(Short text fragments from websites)
◇ ◇ ◇ ◇ ◇
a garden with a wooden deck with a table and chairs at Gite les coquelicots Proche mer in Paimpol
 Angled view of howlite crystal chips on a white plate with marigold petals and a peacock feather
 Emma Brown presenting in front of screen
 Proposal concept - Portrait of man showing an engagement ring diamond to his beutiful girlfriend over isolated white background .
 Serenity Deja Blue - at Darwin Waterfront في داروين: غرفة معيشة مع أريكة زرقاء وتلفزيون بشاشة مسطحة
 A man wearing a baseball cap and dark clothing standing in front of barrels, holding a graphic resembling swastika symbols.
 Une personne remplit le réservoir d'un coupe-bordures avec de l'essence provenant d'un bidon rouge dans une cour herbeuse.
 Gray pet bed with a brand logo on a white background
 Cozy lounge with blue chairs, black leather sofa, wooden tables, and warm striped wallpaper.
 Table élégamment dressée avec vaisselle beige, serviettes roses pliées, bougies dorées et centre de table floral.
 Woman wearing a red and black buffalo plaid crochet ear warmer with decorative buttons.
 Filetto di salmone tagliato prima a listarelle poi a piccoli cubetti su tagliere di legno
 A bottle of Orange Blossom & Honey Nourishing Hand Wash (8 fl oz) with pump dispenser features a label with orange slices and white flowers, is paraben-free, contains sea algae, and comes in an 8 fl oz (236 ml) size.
◇ ◇ ◇ ◇ ◇
REQUIRED ACTION =>
Pull out every line of the records above that contains the word "white".

SOLUTION FOR THIS TASK =>
 Angled view of howlite crystal chips on a white plate with marigold petals and a peacock feather
 Proposal concept - Portrait of man showing an engagement ring diamond to his beutiful girlfriend over isolated white background .
 Gray pet bed with a brand logo on a white background
 A bottle of Orange Blossom & Honey Nourishing Hand Wash (8 fl oz) with pump dispenser features a label with orange slices and white flowers, is paraben-free, contains sea algae, and comes in an 8 fl oz (236 ml) size.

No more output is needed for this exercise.